> [Exercise] Begin with the line below holding "-萨莉亚意式餐厅(金隅嘉品mall店)" and go on through the line holding "mercedes clase a 2019 / foto grande (2)", duplicating each line exactly and leaving out pictures.

== Available records ==

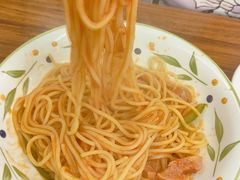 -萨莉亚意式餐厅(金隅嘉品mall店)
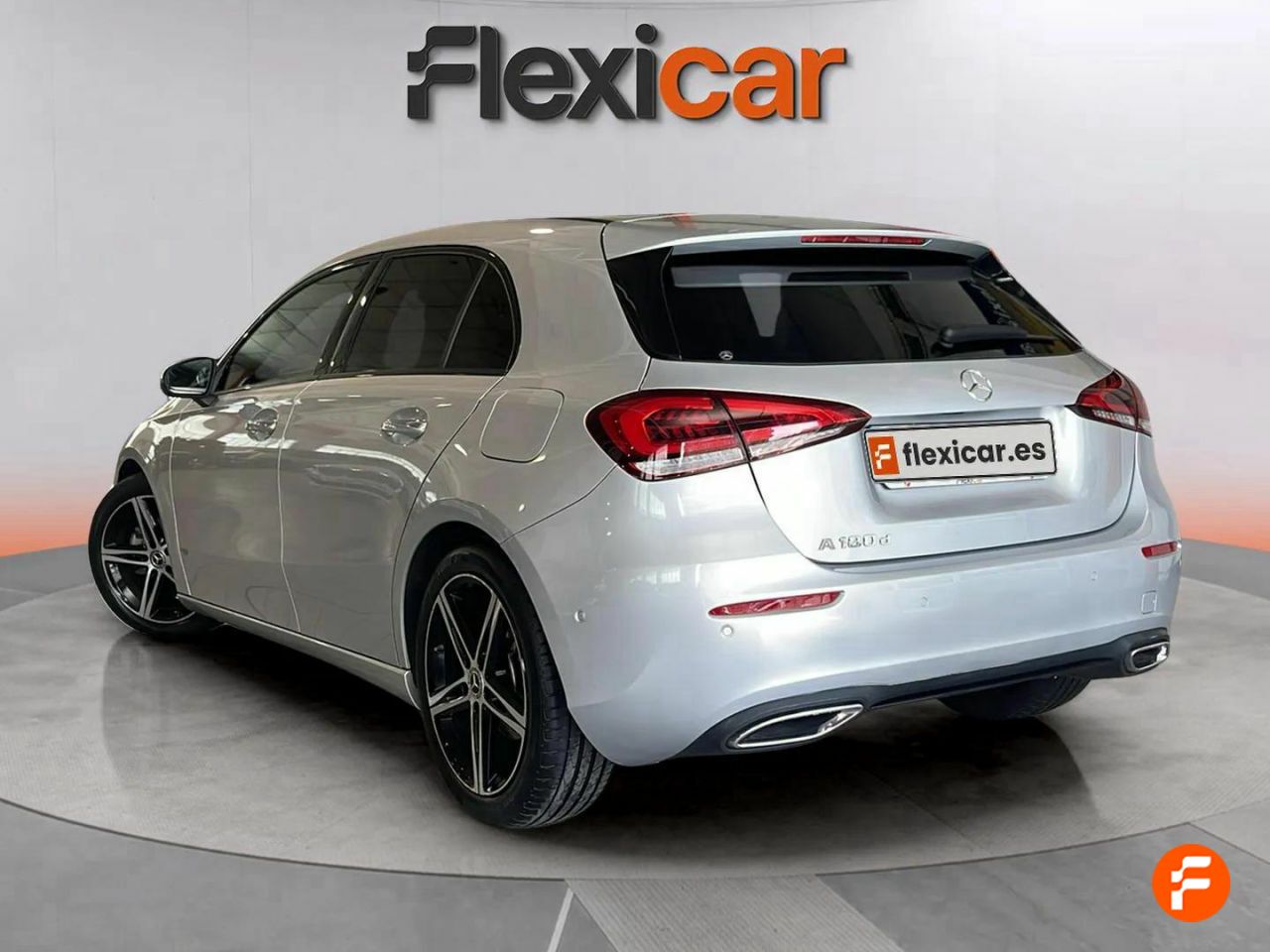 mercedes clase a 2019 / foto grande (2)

===
== Available records ==

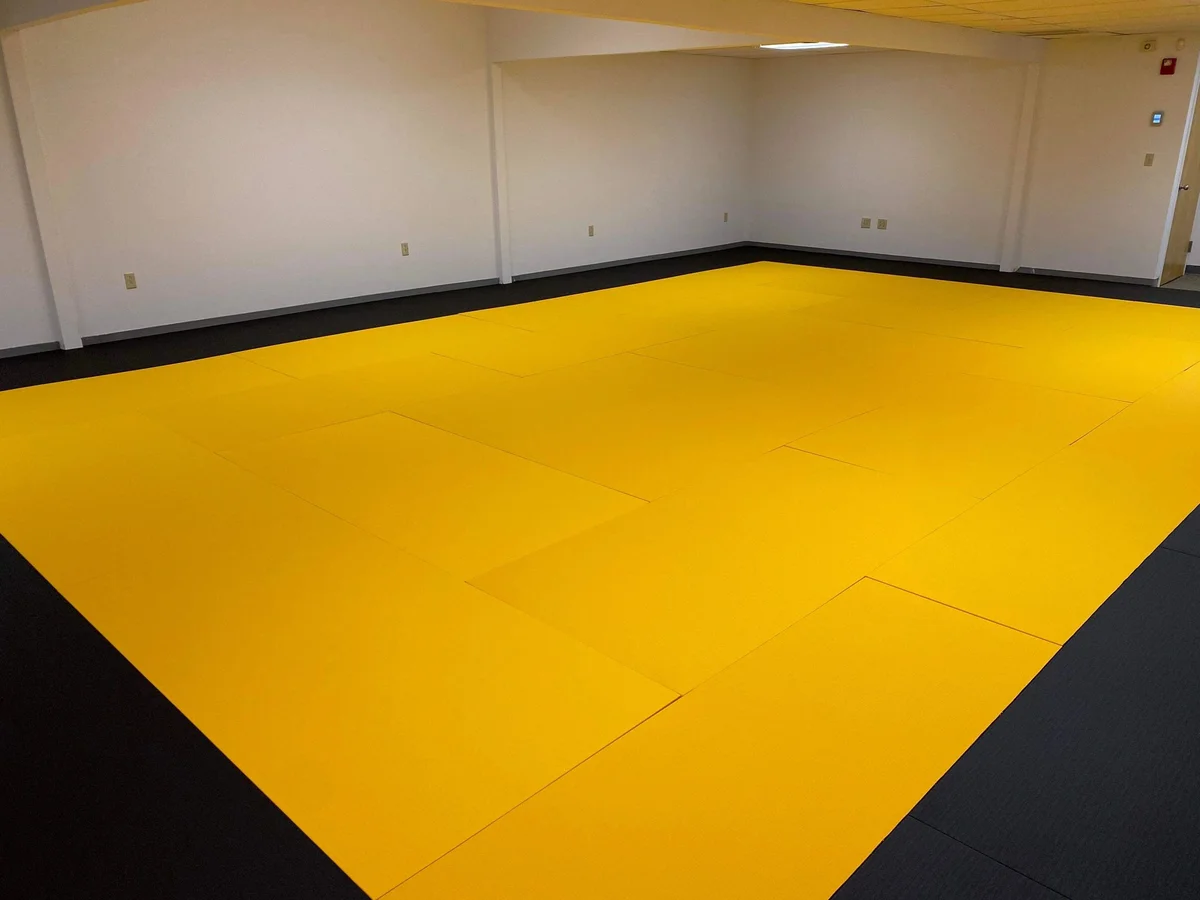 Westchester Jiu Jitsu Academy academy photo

===

> [Answer section]
 -萨莉亚意式餐厅(金隅嘉品mall店)
 mercedes clase a 2019 / foto grande (2)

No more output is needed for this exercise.